"I think all the major events of our lives are events that we call to ourselves. We forget. There's this wonderful and very important event when we're born, and we forget everything that's gone before, or else we'd be such a mass of rememberings that we couldn't operate successfully on this planet. One thing I really want to do this time-and I have an indefinite number of choices and lifetimes that don't have to be in sequence at all, because they're all going on simultaneously, I believe-is I want to experience this kind of relationship. I want a chance to attack this kind of challenge. I do that not knowing if I'm going to do it right or if I'm going to screw it up. And sometimes when you screw it up, you do it right.
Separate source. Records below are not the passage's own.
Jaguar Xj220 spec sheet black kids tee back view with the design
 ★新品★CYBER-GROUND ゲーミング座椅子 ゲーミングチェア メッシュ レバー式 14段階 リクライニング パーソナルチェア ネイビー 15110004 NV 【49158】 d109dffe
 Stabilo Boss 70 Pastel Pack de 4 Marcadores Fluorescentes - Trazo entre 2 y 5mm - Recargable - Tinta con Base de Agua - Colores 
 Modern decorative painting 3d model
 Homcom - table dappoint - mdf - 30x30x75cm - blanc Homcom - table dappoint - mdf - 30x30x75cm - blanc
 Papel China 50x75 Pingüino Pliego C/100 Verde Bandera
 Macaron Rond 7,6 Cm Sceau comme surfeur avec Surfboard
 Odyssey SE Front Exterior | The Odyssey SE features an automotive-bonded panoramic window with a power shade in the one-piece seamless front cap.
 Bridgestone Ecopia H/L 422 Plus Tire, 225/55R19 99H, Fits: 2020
Sometimes when you say goodbye, that's the right thing to do in a relationship.
Other times they're very puzzling: How can you have something where you learn so much from each other-and marriage partners, of course, are the first, best teachers of each other-but you reach a point where there's no learning going on? I was startled to reach a point with Leslie where we had nothing to teach each other. The very best each of us had to give was not what the other wanted or needed at that time. And so I realized, it's like when you're in the fifth grade or the eighth grade and you have a teacher that you really love, the time nevertheless comes to move on. You'll never stop holding that person in great regard. And you'll always look back fondly on that. But you've learned what she had to teach you, and now there are other things. To cling to staying in the fifth grade or the eighth grade year after year when there's no learning going on is, to me, not the highest choice."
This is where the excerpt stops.